Being exposed to commodities through futures yields a positive carry again, after nearly a decade of consistent underperformance of futures to Spot prices. Lastly, commodities act as a diversifier again within portfolios, as correlations with other asset classes declined. Yet, we think it is premature to take a strategic exposure to overall commodities. Prices are currently driven by supply shocks – unpredictable and temporary by nature – and demand is too weak for now to see a sustainable run-up in the asset class.
The rebound witnessed in the early part of the year has indeed been mostly driven by segments undergoing a supply shock (Wheat, Soybeans, Coffee, Corn, Nickel, more recently Brent and Nat Gas) related to weather or geopolitical issues. As the situation normalised, most of these segments saw sharp price reversals, pushing commodities from best to worst performer year-to-date in a matter of weeks, with Spot prices on the brink of negative territory (whilst futures remain slightly positive YTD). Moreover, with the normalisation of supply, most futures curves that were in backwardation (i.e. downward sloping, reflecting tight near-term supply) flattened or flipped back into contango (i.e. upward sloping), removing the roll yield advantage or even implying roll costs from being invested through futures. Finally, investors who were exposed to commodities across the board for hedging purposes failed to see full diversification benefits as correlations among commodity segments have declined as well– one had to pick the right segment to hedge against the right risk.
What falling correlations amongst segments also suggest is that commodities are driven by fundamentals again. Yet fundamentals, especially on the demand side, are not supportive in the current environment. The rebalancing process between developed and emerging economies is almost complete, but both blocs are shifting towards new drivers of growth (production/investment in the West, domestic demand in the East), limiting actual growth levels. Potential growth is also lower than in past cycles due to population ageing, constrained productivity and further deleveraging in Developed economies. These structural shifts are weighing on overall demand for commodities.

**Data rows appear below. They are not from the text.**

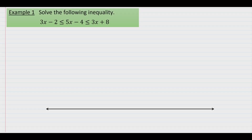In this video we're going to look at solving linear inequalities. Specifically, we're going to consider double inequalities that have an x term on the left side, in the middle, and on the right. Throughout the video we'll take a look at different variations of this problem, as well as the different types of solutions that result.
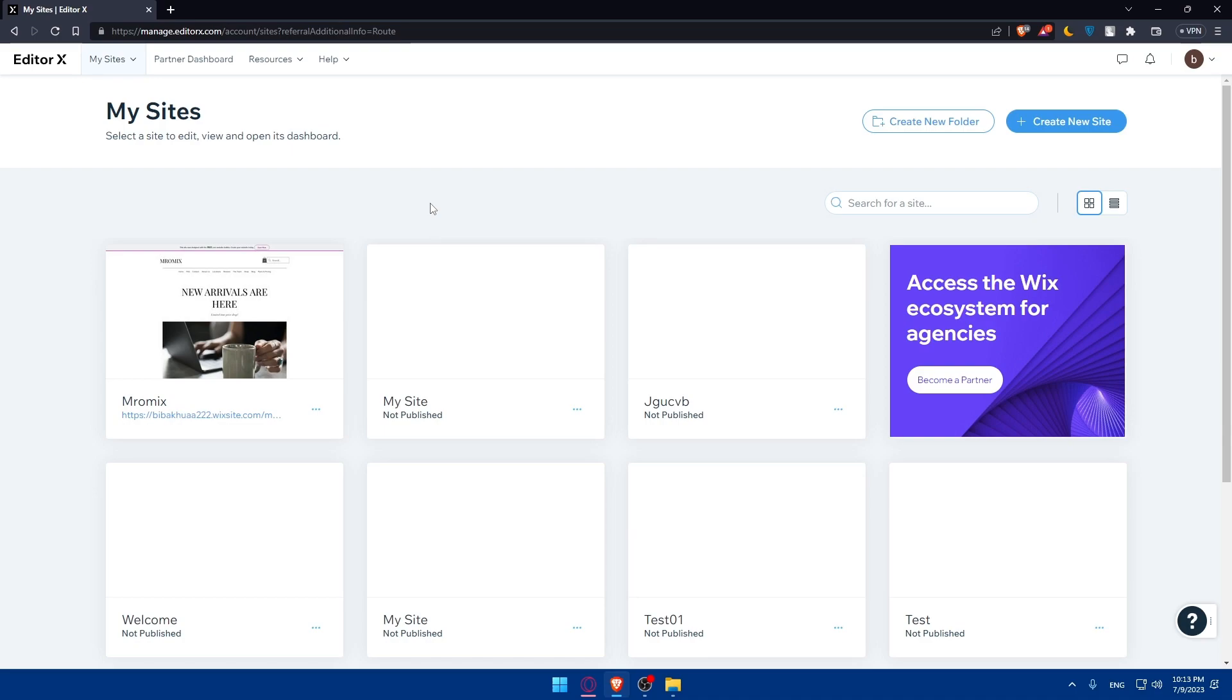If it may help you, EditorX is just like Wix website. If you're used to that, it's just a little bit different and advanced. And if you have an account, just log into it.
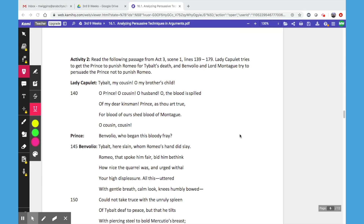This is a continuation from our lesson this morning on analyzing persuasive techniques and arguments using Romeo and Juliet. Activity 2 focuses on a scene in Act 3. This is after Romeo has killed Tybalt, and Lady Capulet is trying to convince the Prince that Romeo should be punished for the death, while Benvolio and Lord Montague argue that the Prince should not punish Romeo — he was simply avenging the death of his friend.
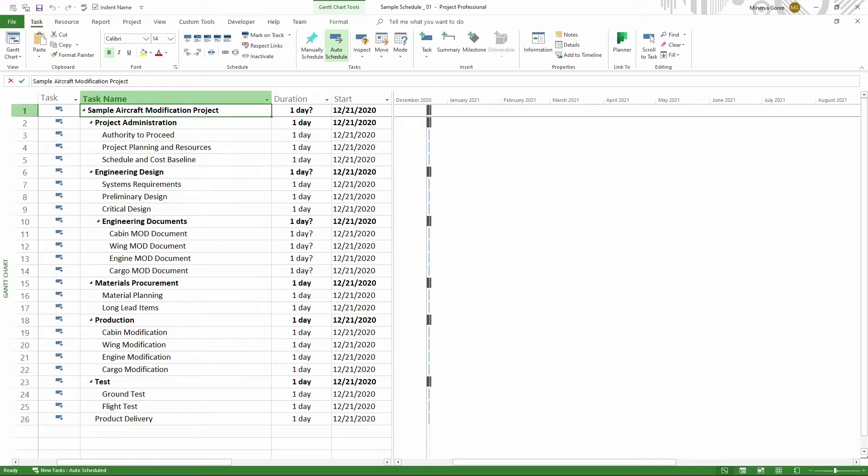In this lesson, we will learn how to add a summary task in Microsoft Project. This should work for all versions starting from Microsoft Project 2013 all the way to the most current versions of Project.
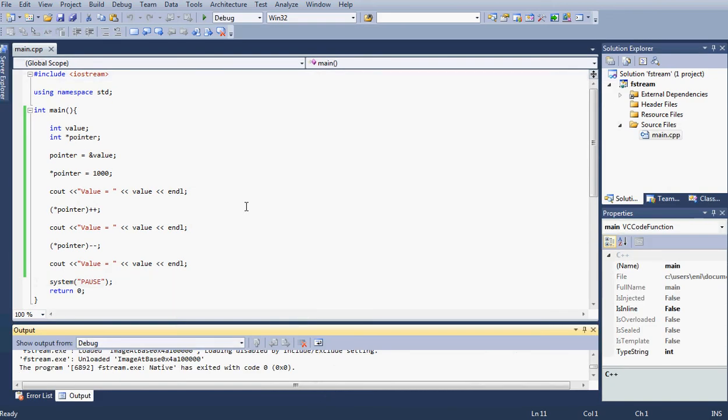I hope this tutorial helps you understand pointers a little bit better and how they function.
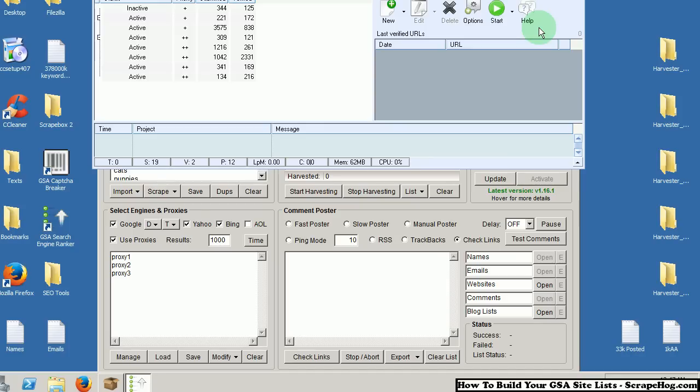I'm going to briefly go over how to build your own GSA site lists. The sites that come preloaded into GSA Search Engine Ranker are good, but if you really want to use this tool to its full potential, I would recommend building your own site lists. So let's get started.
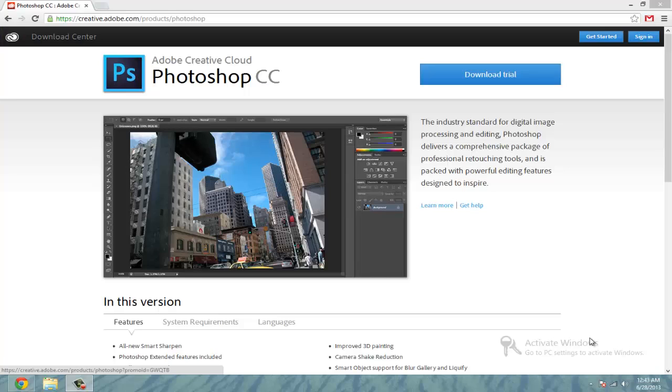Yo, what's up YouTube? Today I'm doing a tutorial on Photoshop CC, the newer version of Photoshop.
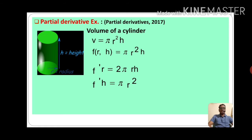f prime r means differentiate this function with respect to r. We can write f prime r is equal to 2 pi r h, because pi is kept constant, h is also kept constant, and the differential of r square is 2r. Now we can calculate f prime h. f prime h means pi r square, where r is kept constant, and we differentiate h with respect to h, which gives 1. So f prime h is equal to pi r square.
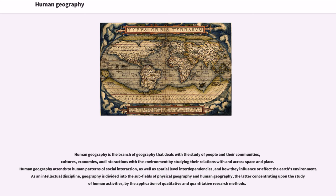Human geography is the branch of geography that deals with the study of people and their communities, cultures, economies, and interactions with the environment by studying their relations within and across space and place. Human geography attends to human patterns of social interaction, as well as spatial level interdependencies, and how they influence or affect the Earth's environment.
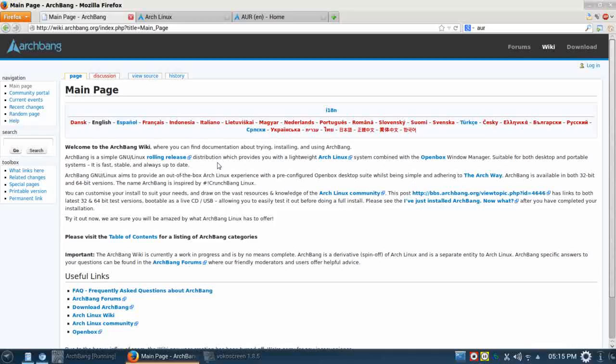Hello and thank you for joining me for another episode of Run Level Zero. Today we're looking at ArchBang Linux.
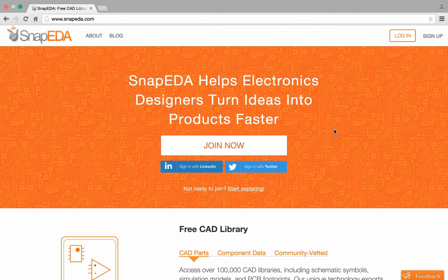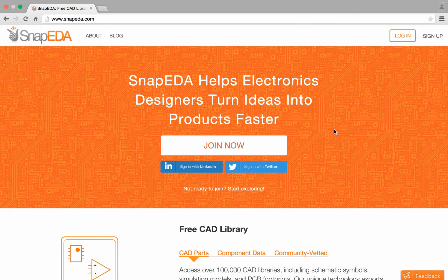SnapEDA is an online platform for electronics design, providing designers and engineers with the resources they need to bring their designs to market faster.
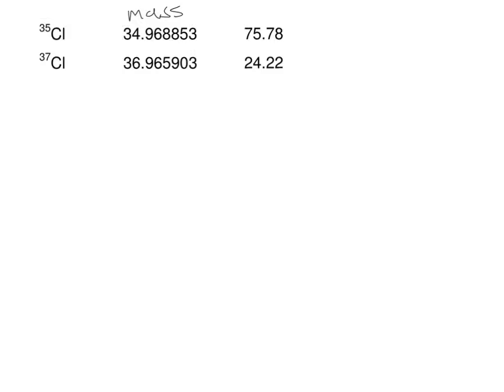Up here you have the percentage — how much of each isotope appears in nature. If you get a random sample of chlorine, it's going to be chlorine-35 versus chlorine-37 at these percentages. Think back to the weighted averages video involving grades, where one is worth 70% and one is worth 30%. Here, 75% of the chlorine found is chlorine-35 and 24% is chlorine-37.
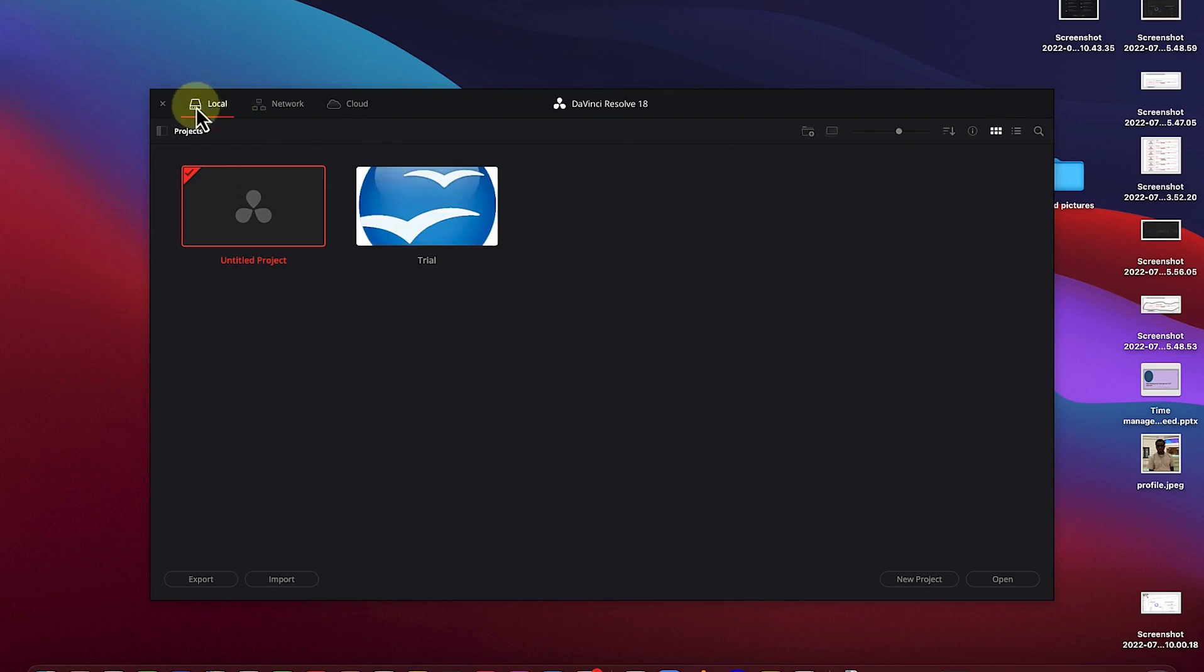Down here, this is a local one. You can have the network or you can work on DaVinci on cloud. You can utilize the DaVinci online so you can work with it on cloud.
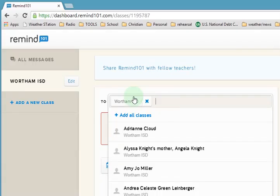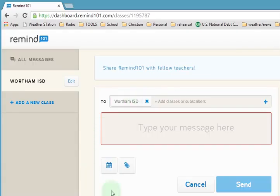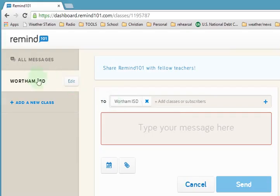Hello. In this video I'm showing how to add a post to your Mind 101. This is for teachers or districts. Once you've already logged in, this is what it would look like. That's the name of the district I'm currently at.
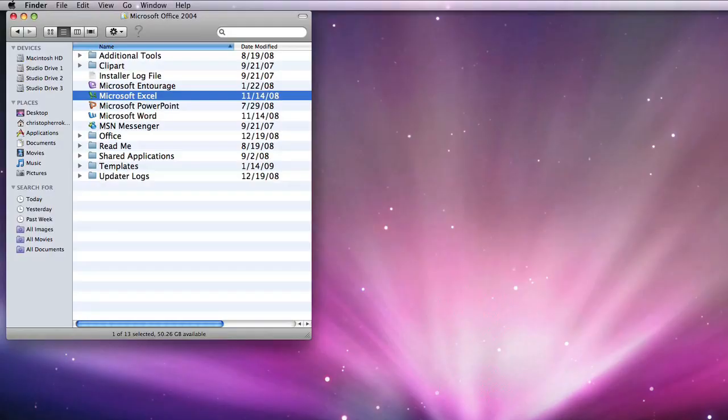Hello, my name is Stephanie and I work for CMIT Solutions. Today I'm going to show you how to create a formula in Excel.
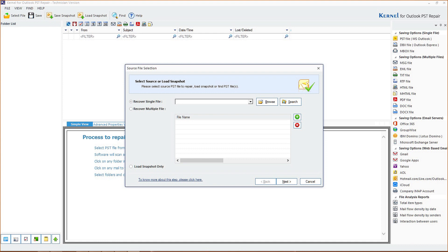Users can search for OST files in their specified system drive using the advanced search option. Also, the recovered emails can be stored in many file formats as shown on your screen.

To see a sustained upturn in commodity prices, we would need to see stronger growth worldwide, especially in China (which accounts for 46% of total consumption of Industrial Metals). Yet, the world economy is only in the early stages of recovery, with significant divergences amongst regions. China is showing signs of a revival, but structural reforms, in particular those aimed at curbing shadow banking are headwinds.
Until the global economic recovery gathers steam, specific supply shocks (e.g. bad crops, geopolitical issues, political/trade barriers,…) will be the main price differentiator within commodities, warranting a great degree of selectivity. Investors who wish to get a strategic exposure to the overall asset class will thus need to be patient.